We talk about school and pediatrics and neonatology and how PAs started in Carolina de Nord. I fiddle and wait for an hour while the attending finishes his case down in the OR. I look at the latex gloves lined up neatly under the cabients above the counter. I have the strangest desire to put them on because that’s what I do when I walk into a procedure room. I note the amt of ccs in the syringe and the type of alchol prep. I want to fiddle with the fluro machine and I read the Joint commission safety guidelines. My Mom and sister sneak in and we play 20 questions the way we used to play I Spy and I would trick everyone with the tiny blue stickers on the ceiling that the navy used to mark ventilation ducts. They go out to find granola bars and I try to read. Finally the PA comes back and asks me “Are you ready?”
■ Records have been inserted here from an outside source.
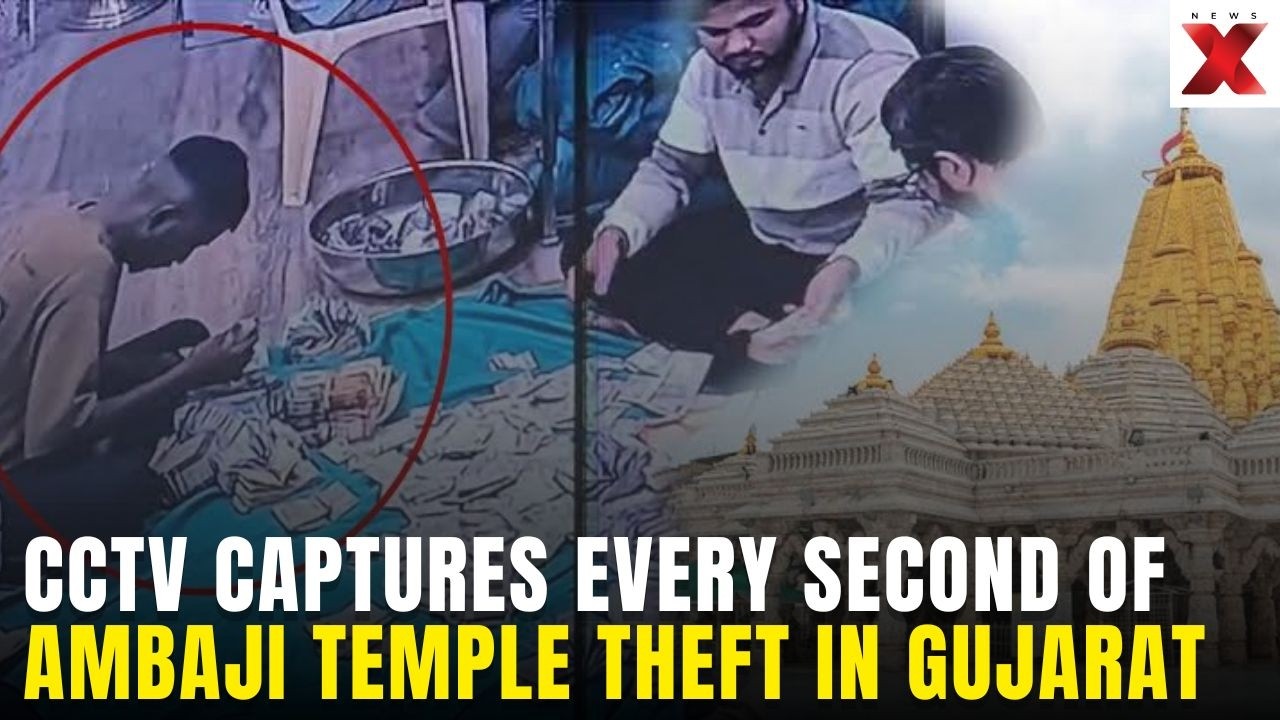 CCTV Catches Theft at Gujarat's Ambaji Temple | Full CCTV Explained | NewsX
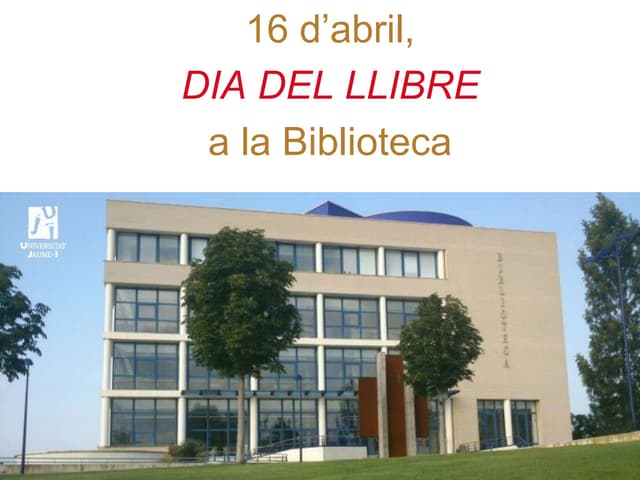 Actes del Dia del Llibre 2014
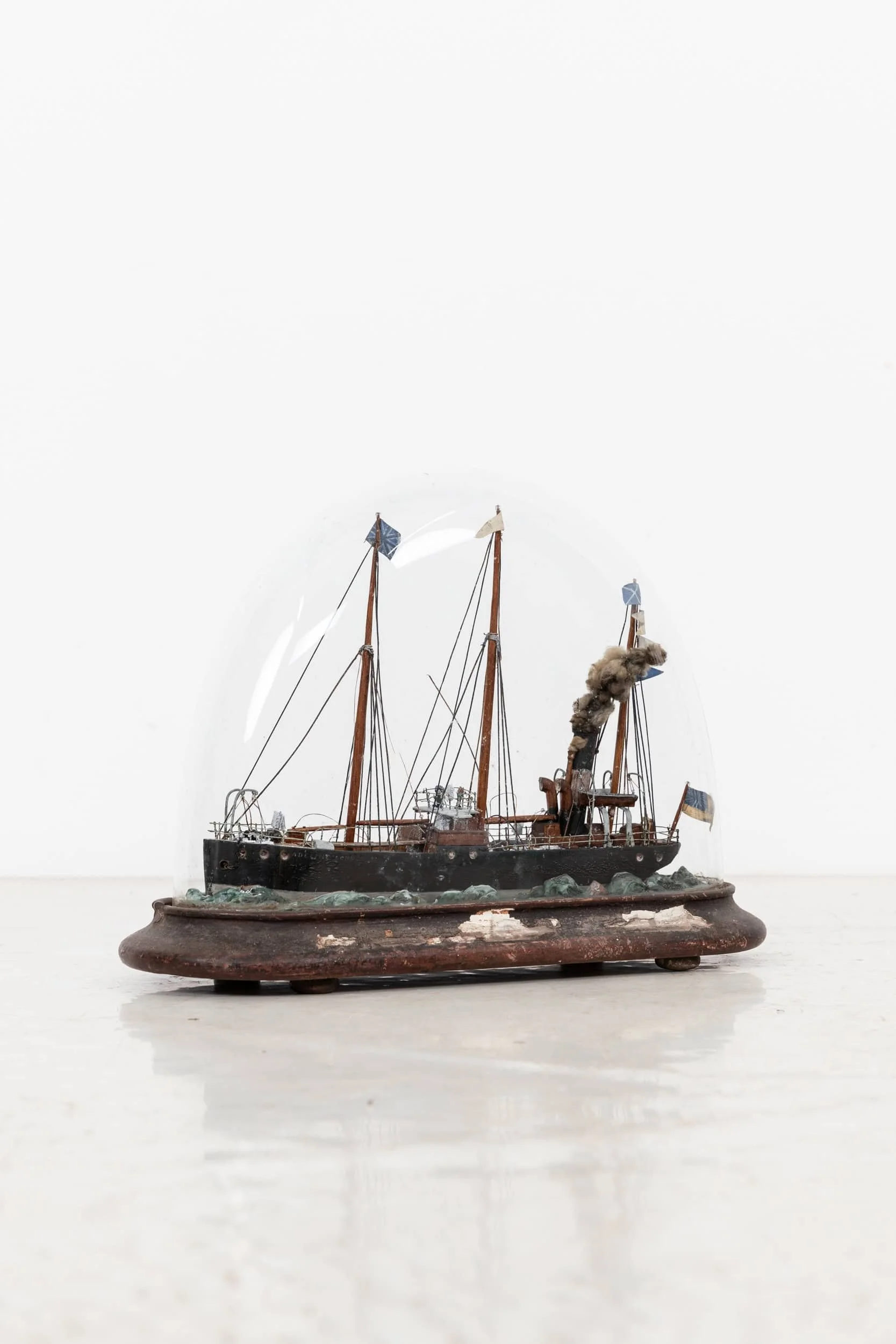 Scratch Built Victorian Steam Boat Display Model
I jump up strip at the waist, wrap my lower body in a gown. The attending came in, he is not my doctor I knew my doctor was on vacation. He is young probaly 7-8 years older than me or so. Hestands at the end of the table and asks me what surgeries I have had…4 sets of osteomonies feumr, tibias and 2 humerus osteomonies (among others). Why he asks? I nearly sit up and look right at him so he can see the exploative crossing in my skeptic’s brain. Because I have Kniest Dysplasia I say politely. He has that look the look of WTF is that. It like sticklers but rarer and earlier onset.  And you are in medical school he says as he approaches.  “Yes.” WHere? Wake. What are you going to do? Pediatrics? Where are you going. next.. His technique was not nearly as smooth as my doctor but effective.  The PA holds a sheet for me as I change and apologies ‘the boss’ wasn’t there. I assure her I knew he was out of town and this worked best for my schedule. I told her I wanted an appt with him along my shot in Nov to iron out my last questions about alinginment and stuff. She nods.  I tell her I’m planning for Mar 22 four days after Match Day. She nods, sounds good.  She wishes me a safe drive home and I make a beeline for the waiting room and for my sister and Mom.
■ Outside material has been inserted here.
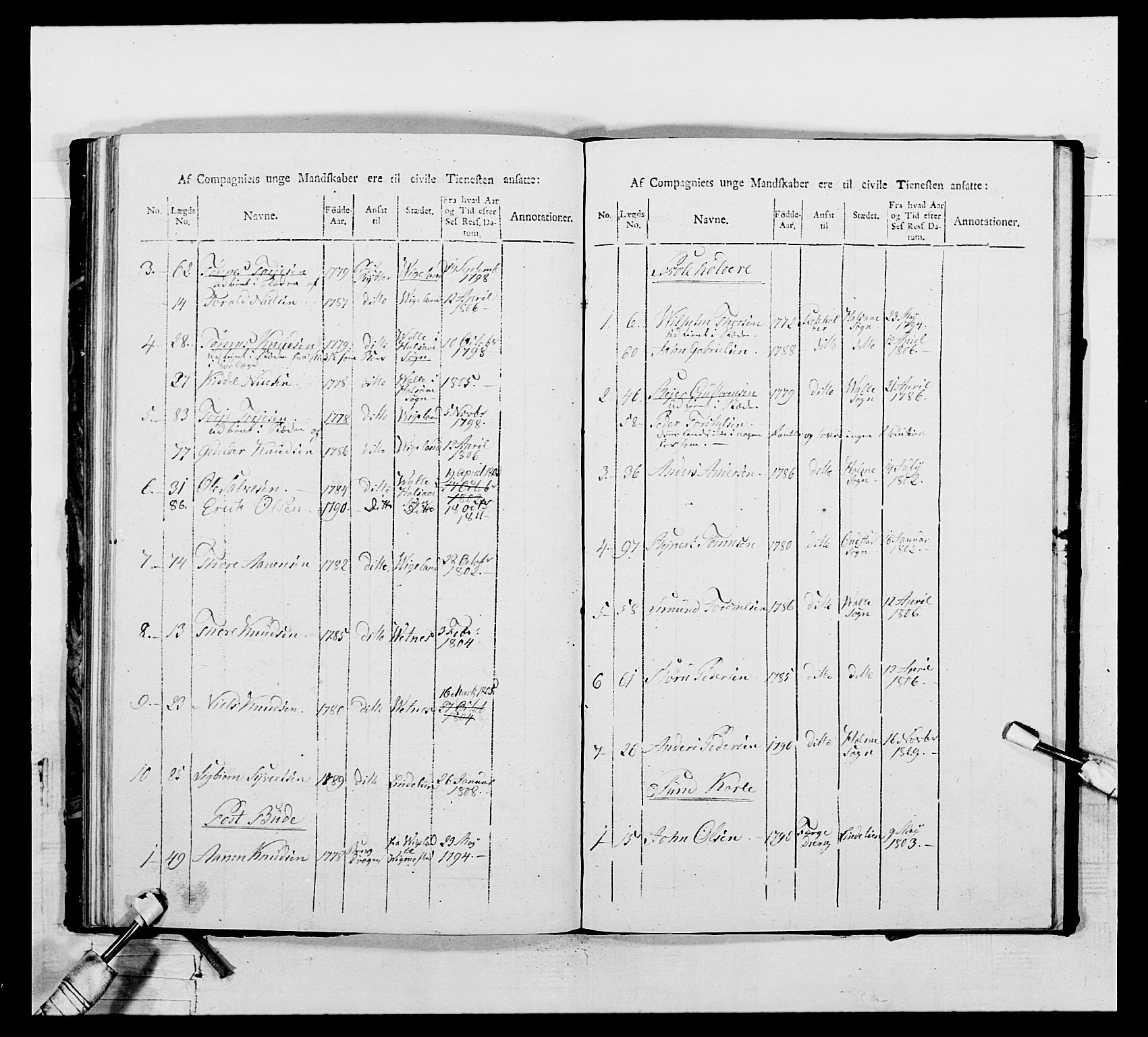 Generalitets- og kommissariatskollegiet, Det kongelige norske kommissariatskollegium, AV/RA-EA-5420/E/Eh/L0111: Vesterlenske nasjonale infanteriregiment, 1810, p. 94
On the outside, I am professional and friendly and confidence as if having one’s hip fall apart at 24 is the most normal everyday occurence in the world. Inside I am terrified. Terrified of losing all the things that I love to do, my indepedence from my parents, my ability to travel, my career with my babies, my ministry even silly things like standing up to sing in church and dancing at weddings and mono-skiing. I tell people that walking isn’t everything or being normal isn’t everything but I’m fraud because when its me on the exam table I fight like a angry hornet for these abilities and run like a child scared of the monsters under bed when faced with my own medical  reality.
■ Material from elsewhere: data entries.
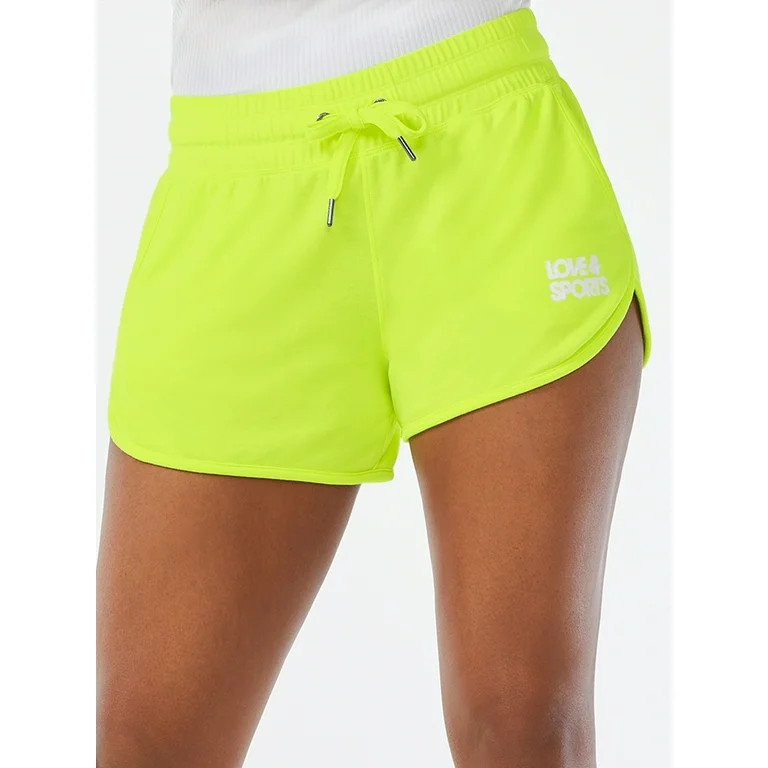Love & Sports Women's French Terry Cloth Shorts - Walmart.com | Walmart (US)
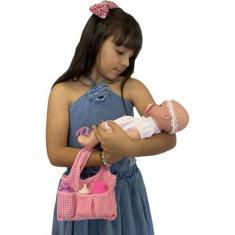Imagem de Boneca Minha Primeira Oração + Bolsa Maternidade Fralda - Milk Brinque
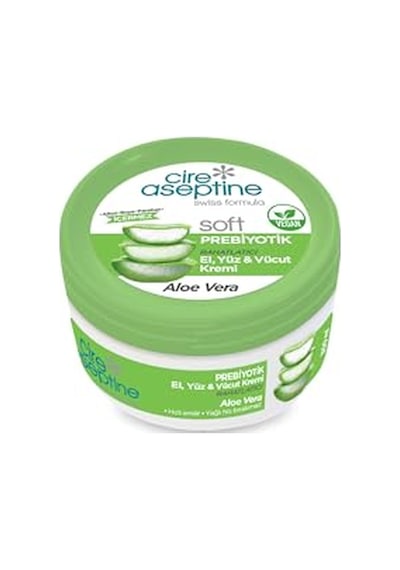 Cire Aseptine Soft Prebiyotik Aloe Vera El, Yüz Ve Vücut Kremi 300 Ml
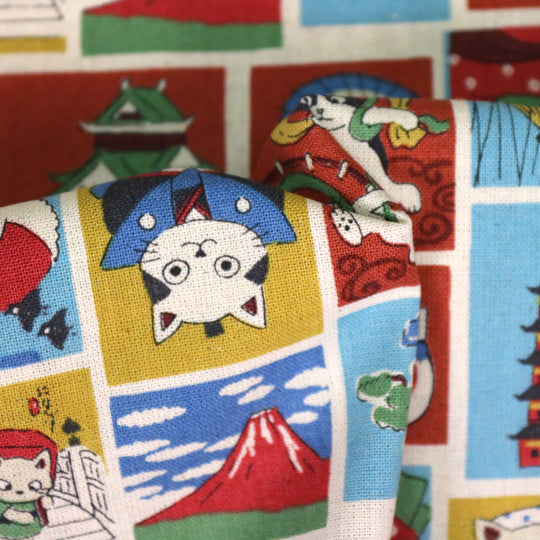 Traditionelle japanische Katzen - Weiß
But the professional in me doesn’t want t to show that, doesn’t want look like a rebellious adolescent afraid of losing some privileges to the point of being illogical and competely unreasonable. So I stand tall and limp away down the elevator, to my car and curl up and watch the mountains pass me by and push the feelings of doubt deep down filed away inbetween infant vaccination schedules and how to treat an acute asthma excerbation or a sickle cell patient with a fever. Becuase there it is safe and ok. There it is hidden in the place where I feel in control and confident and at home.

If I was my patient I would give me a hug and tell me that I was doing the right thing.